La nouvelle rédaction de ce texte me semble très problématique pour deux raisons. Elle repose sur la logique selon laquelle il faut renvoyer ces jeunes vers le droit commun afin de ne pas créer des assistés. Or ces jeunes présentent des problèmes spécifiques, notamment d'attachement ; demander de l'aide leur est compliqué, notamment lorsqu'il n'y a pas de continuité entre leurs interlocuteurs. Toutes nos enquêtes montrent que les jeunes qui ont été accompagnés dans le droit spécifique de manière longue et continue, jusqu'à l'âge de 21 ans, ont le sentiment de pouvoir se débrouiller par eux-mêmes, alors que ceux qui sont lâchés vers l'âge de 16 ans ont toujours besoin d'aide à l'âge de 24 ans et recourent à d'autres dispositifs pour la santé mentale ou le logement. C'est un leurre que de dire que le droit commun peut répondre aux problématiques de ces jeunes.
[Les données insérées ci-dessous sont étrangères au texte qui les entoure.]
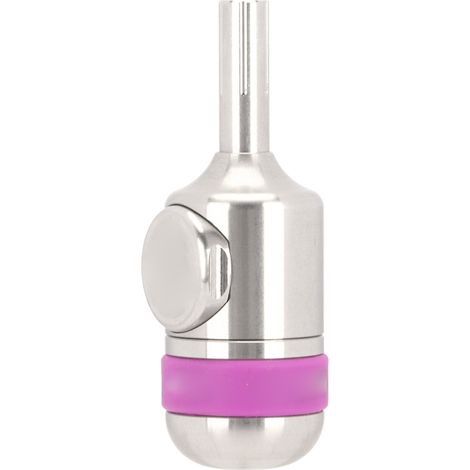 Poignée Magnétique Auto-Blocante pour Tatouage, 25mm en Acier Inoxydable (1/5)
Par ailleurs, nous ne sommes pas dans un pays de l'Europe du Nord, comme le Danemark, où existe un droit commun fort et où l'ensemble des jeunes bénéficient d'une aide. La garantie jeune à laquelle sont renvoyés les jeunes Français en précarité est une voie de garage, puisqu'ils ne sont ni en formation ni en emploi.
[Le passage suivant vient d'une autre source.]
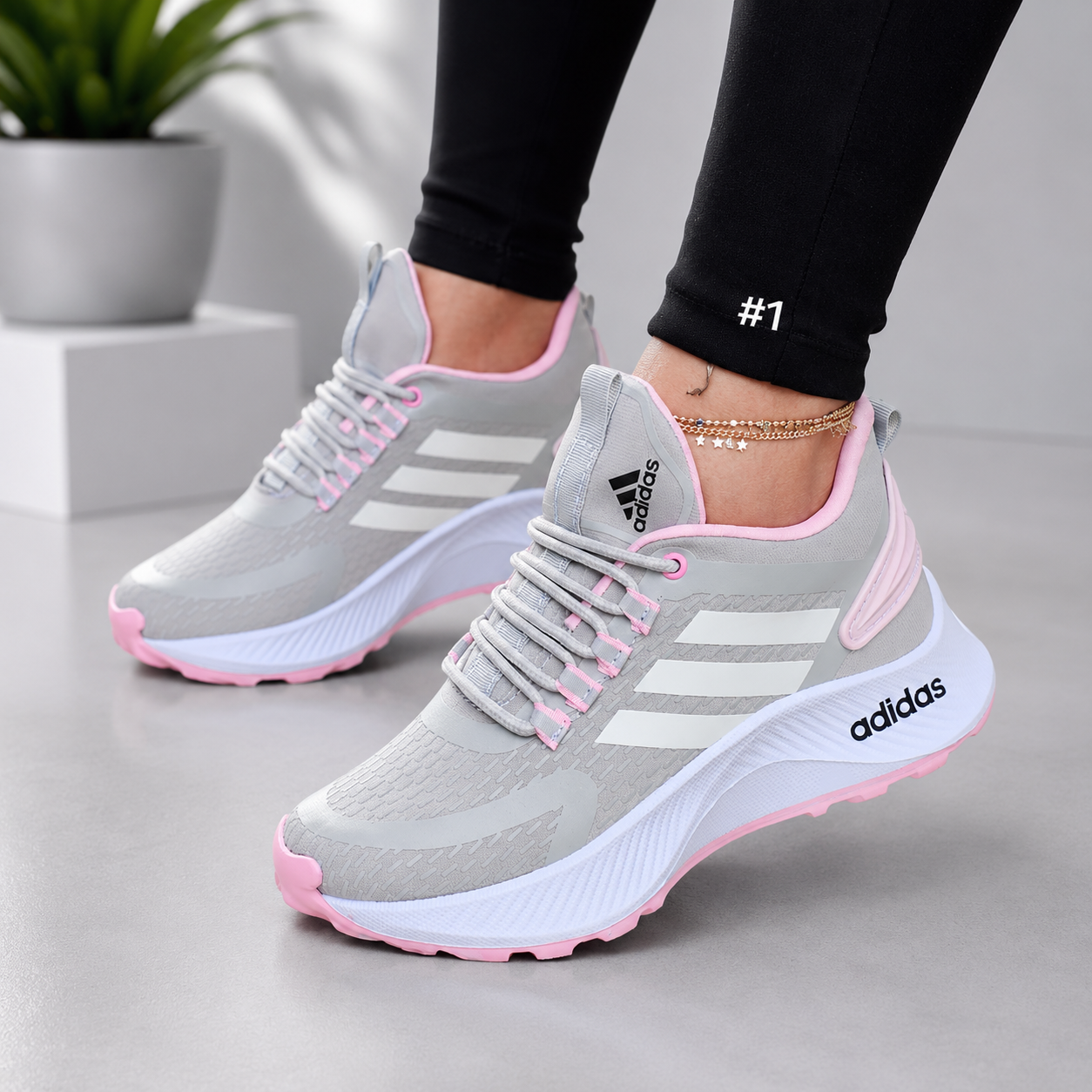 TENIS ADIDAS DAMA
Comme l'a expliqué Isabelle Frechon, l'image des jeunes qui arrivent dans le système après l'âge de 16 ans est erronée. Ils n'y entrent pas à cause d'un problème ponctuel dans la famille ou parce qu'ils traversent une crise d'adolescence plus grave : certains sont à l'issue d'un parcours migratoire qui leur a fait connaître de multiples situations de prise en charge – à une tante, une grand-mère, puis à un tiers en France – et subir diverses maltraitances ; d'autres ont connu des situations familiales très complexes. Ils apparaissent dans le dispositif lorsqu'ils trouvent eux-mêmes les moyens d'entrer en contact avec les services sociaux, une fugue par exemple. Ceux qui ont été le plus exposés, et le plus longtemps, à des violences familiales comme l'inceste, ont besoin d'un temps de maturation psychique pour sortir de cette situation – pour l'enfant, il est incompréhensible d'être éduqué et violenté par la même personne.
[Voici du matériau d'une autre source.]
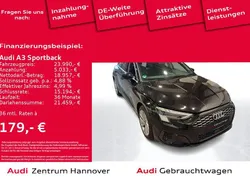 Mythosschwarz metallic Gebraucht 2022 Audi A3 Sportback e-tron Ambiente Limousine | 23.990 € (Guter Preis)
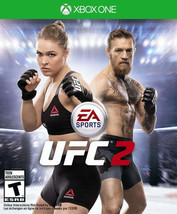 Ea Sports Ufc 2 - Microsoft Xbox One Xone XB1 X1 Video Game - $10.44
Ces jeunes arrivent donc tardivement dans le dispositif, parce qu'ils n'ont pas été repérés, parce qu'ils étaient dans des systèmes familiaux très enfermants, ou parce que le processus qui les a conduits à demander de l'aide s'est avéré plus long. Ce sont ceux qui ont été exposés aux situations les plus complexes, les plus lourdes, les plus traumatisantes et le plus longtemps. Ils ont davantage besoin d'aide que ceux qui sont entrés plus tôt dans le système, ont connu un parcours plus stable dans l'accueil et disposent finalement de plus de ressources pour se débrouiller. Or ce sont ceux que l'on veut exclure du dispositif. Il y a là une forme de double peine : ils sont moins repérés, et lorsqu'ils le sont, on leur explique qu'il est trop tard pour les aider.